While fees aren’t the sole determinant of investor outcomes, advisors and investors typically gravitate toward cost-effective products. However, there are other ways for issuers to lower investors, namely eliminating trading commissions, which can provide a significant boost to investors of all stripes.
T. Rowe Price is doing just that, announcing that it’s actively managed ETFs are migrating to some commission-free platforms.
Last week, the fund issuer said its “four newly debuted active equity exchange-traded funds (ETFs) commission free on several major custodial platforms, including E*TRADE, Fidelity Brokerage Platform, BNY Mellon | Pershing FundVest ETF Platform, Schwab ETF Platform, and Vanguard Brokerage Platform.”
Some market observers believe that investors need to go beyond relying on past performance or buying the cheapest ETF. They are now incorporating a more forensic approach that could dig deeper into company fundamentals.
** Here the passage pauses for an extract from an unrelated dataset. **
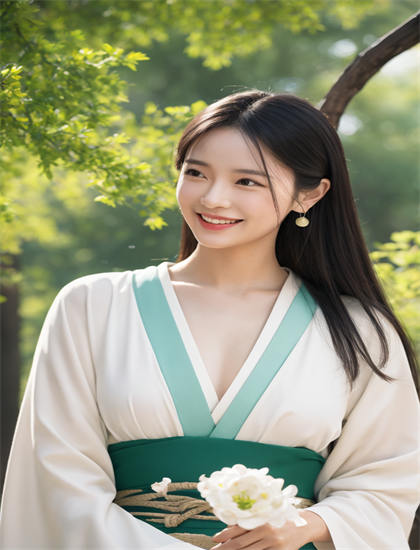 《我真没想当神仙》制作内幕：导演的创意构思与实现 了解一部电影是如何诞生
T. Rowe Price Slashing Investment Costs
“T. Rowe Price launched four active equity ETFs on August 5, 2020: T. Rowe Price Blue Chip Growth ETF (Ticker: TCHP), T. Rowe Price Dividend Growth ETF (Ticker: TDVG), T. Rowe Price Equity Income ETF, and T. Rowe Price Growth Stock ETF (Ticker: TGRW),” according to the issuer. “Each is constructed similarly to a corresponding investment strategy that has served T. Rowe Price clients for decades and is characterized by rigorous securities research, risk awareness, and independent investment decision making by the same experienced portfolio manager as its mutual fund counterpart. The funds offer typical ETF features, including tax efficiency, intraday trading, and real-time market determined pricing.”
As just one example, TDVG’s emphasis on dividend growers is particularly relevant in today’s market environment. Dividend-growing companies are also high quality names. Steady dividend payouts have also helped produce improved risked-adjusted returns over time.
The high-quality focus may also help dividend growers outperform or do less poorly than the broader markets during weaker periods.
Dividends have added significantly to returns over time, contributing approximately 32% of the S&P 500’s total return since 1960. During the return-challenged 1970s, dividends made up nearly three-quarters of S&P 500 returns – while investors earned a cumulative total return of 77% from the S&P 500 in that decade, 60% of that 77% was from dividends.
TDVG seeks dividend income and long-term capital growth by investing the majority of its assets in the common stocks of dividend-paying companies expected to increase their dividends over time.